_Exercise_
Each line from the one with "Item preview, Vintage" through the last line of the records must be output exactly, both ends included.

Caption-style text data

◆ ◆ ◆

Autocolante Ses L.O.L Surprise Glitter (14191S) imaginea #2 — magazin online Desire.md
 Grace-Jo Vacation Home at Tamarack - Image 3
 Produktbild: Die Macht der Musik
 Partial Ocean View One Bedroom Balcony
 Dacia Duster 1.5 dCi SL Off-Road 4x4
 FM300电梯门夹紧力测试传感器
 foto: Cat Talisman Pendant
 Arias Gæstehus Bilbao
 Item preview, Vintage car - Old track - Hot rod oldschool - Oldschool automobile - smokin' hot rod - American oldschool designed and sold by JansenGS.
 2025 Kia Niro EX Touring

◆ ◆ ◆

_Task answer_
 Item preview, Vintage car - Old track - Hot rod oldschool - Oldschool automobile - smokin' hot rod - American oldschool designed and sold by JansenGS.
 2025 Kia Niro EX Touring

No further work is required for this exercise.